[19歳] 勇敢なセイカの戦士(2)
ダグラスの口上を最後まで聞き終えたディムは、まるで準備していたかのように後ろ手に捕らえた騎士服の男を真正面に向けて蹴り飛ばした。
「ぐああああっ……」
腹の底から押し殺したような声を上げて倒れた男は、皆の見ている前で大恥をかかされたというのになかなか立ち上がれないでいる。
ディムは蹴飛ばすのと同時に、後ろ手に極めた関節を捻りあげ、肩関節を外しておいたのだから立ち上がれないのも頷ける。
そして先ほどから預っているこいつの片手剣を手に取って、じっくりと見る。
ヒルトとグリップエンドに緑色の宝石がついてるので装飾用かと思ったら、刃の部分はしっかりと打たれたいいハガネらしく、指ではじくとチーンと高い音で鳴り続けた。
光にかざしてみても傷一つない。よほど丹念に磨きを入れてる逸品だ。
「こんな高そうな剣をぶらさげてたけどさ、これ新品じゃん? 研いだ跡もない。アンタら本当に仕事してんの?」
言うとディムは抜き身の剣を誰もいない背後に放り投げた。
―― ドスッ
剣が地面に突き立ったのを合図に剣を抜いたデカい男、グリューデン・カルタス。
ディムが丸腰になったのを見て剣を抜いたのだ。程度が知れる。
首都サンドラではその名を知らぬ者は居ないほどの豪傑だ。しかし酒癖が悪く、酒場で酔ってはケンカをするなどといった暴力事件が後を絶たないので、騎士団でも持て余したのだろう、こんな辺境の砦で閑職に就かされている。
要するにここケスタール砦は、問題を起こしたりして出世街道から外れた者たちが飛ばされてくる流刑地のような場所なのだ。セイカが獣人たちの襲撃を受けたことで、こいつらが派遣されてきたということか。

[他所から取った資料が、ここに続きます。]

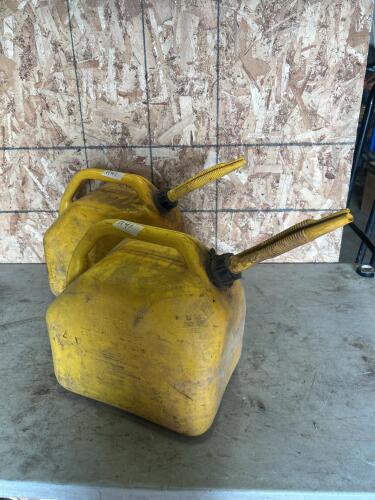 2 20L Diesel cans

ディムが父親の死を知ったときの軍の報告書には獣人たちの兵力は1200とあった。それをわずか500ちょっとの兵で守っているなんて。前線基地に居る獣人たちにこの事実が知れたら一気に攻められて、こんな張りぼての砦なんて簡単に抜かれてしまう。
ディムはレベル55の豪傑が剣を抜いて構えたのをみて、ソードベルトを外し、エルネッタに手渡した。丸腰になったのである。

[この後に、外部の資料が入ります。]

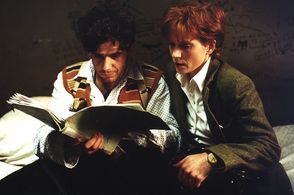 Bruno Cathomas and Judith Hofmann in Studers erster Fall (2001)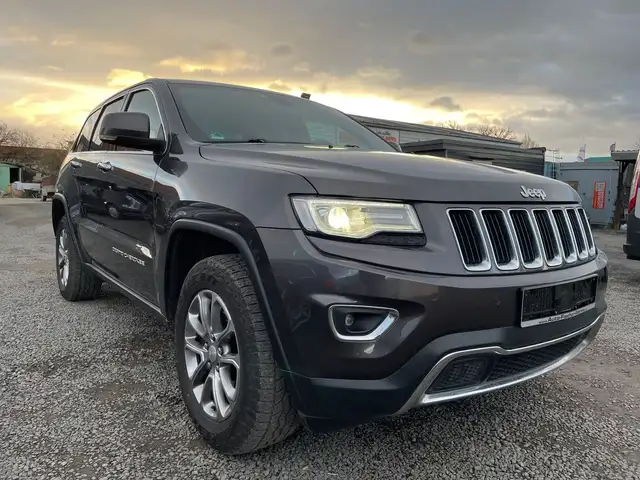 Jeep Grand Cherokee 3.0 CRD Limited AHK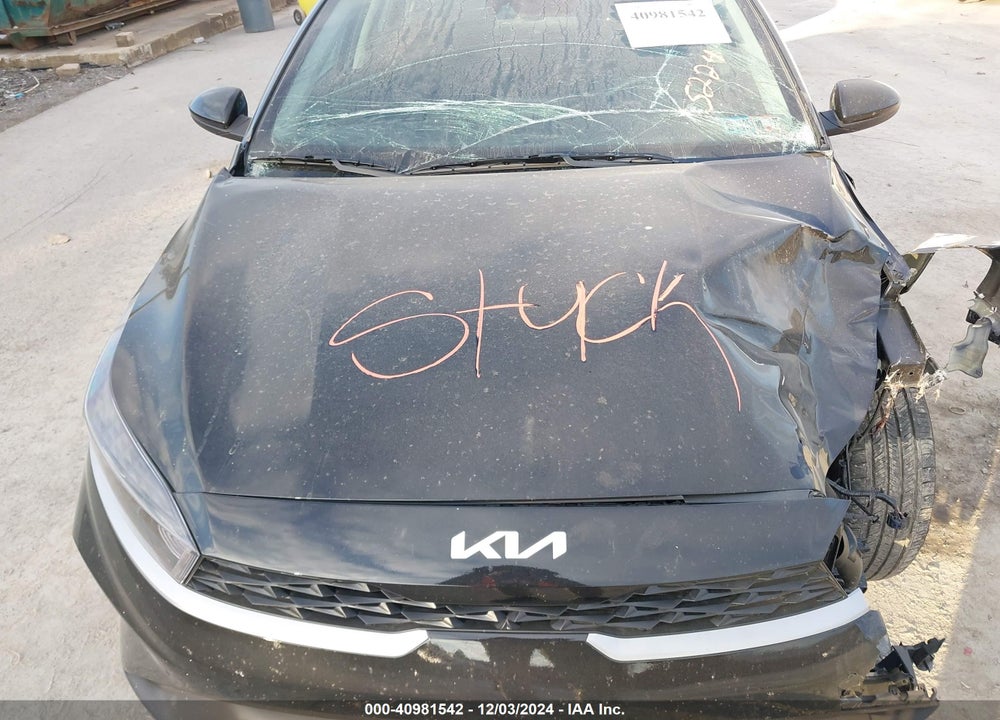 2024 KIA FORTE LXS VIN: 3KPF24AD1RE825224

まだ日が高い昼間ということもあり、ディムにしてみれば短剣スキルがないので、素手でも変わらないと判断してのことだった。しかし相手には"舐めてる"と取られてしまう。
「カルタス! 刃引きの剣を使え。勇敢なセイカの戦士サマだからな、殺してしまってはマズいだろう」
「おいおいディム、俺は? まだこのままプリマヴェーラさん抱いたままでいいのか?」
「ディミトリさんは相手の力量を見る目が正確です。それでも丸腰になったという事は、きっとそれだけ楽な相手なんですよ」
後ろに控えていた兵士から刃引きの剣を受け取った、亜人と見下していたエルフの女に楽な相手と言われたことにいら立ちを隠せない。

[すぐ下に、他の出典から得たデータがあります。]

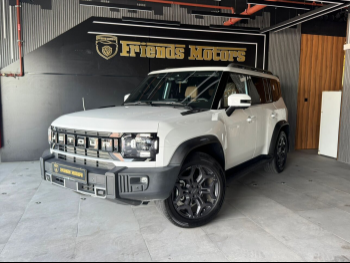 جيتور  تي 2  لكجري  2025  اوتوماتيك  7,000 كم  4 سلندر  دفع رباعي  اس يو في  أبيض  تحت الضمان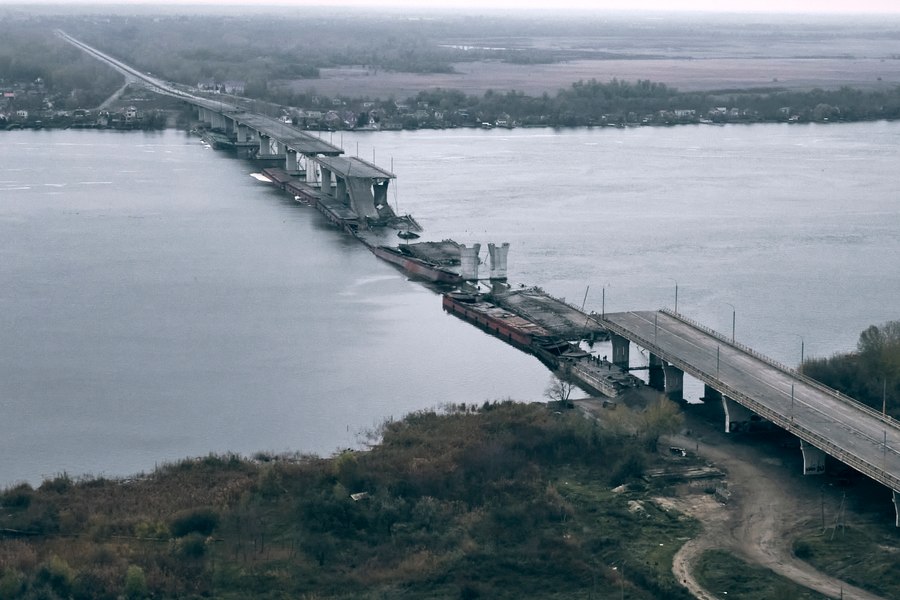 De ce stabilirea unui cap de pod pe malul stâng al Niprului ar putea schimba jocul pentru Ucraina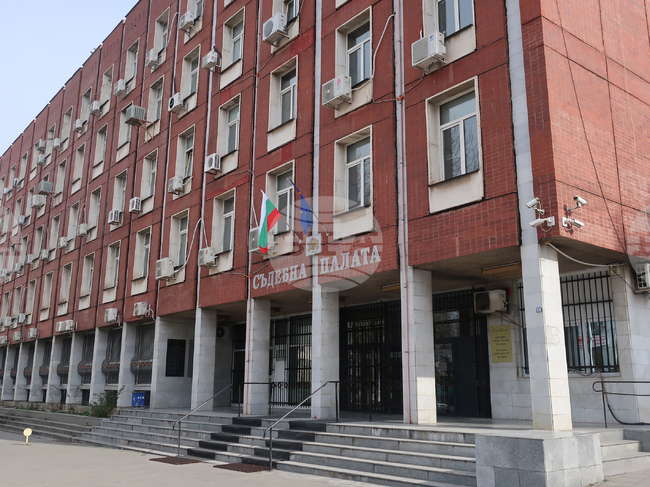 Съдът в Плевен постанови една доживотна и три 20-годишни присъди за убийство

このデカい男は剣のグリップを入念に握って感触を確かめると、威圧をかけて構え直す。
鎖帷子を着込んでる盾持ち片手剣使い。身長はたぶんダグラスよりも大きくて195センチぐらい。なんもない平和な砦でフル装備ってことは、このひと今日は何かの当番か何かなんだなと。体型にはスマートさなんて欠片もなく、筋肉質の雄牛のようだ。体重は180キロ+装備品が40キロといったところか。
ディムは丸腰のままゆっくりと歩を進め、このオークのような巨躯をもった騎士に相対した。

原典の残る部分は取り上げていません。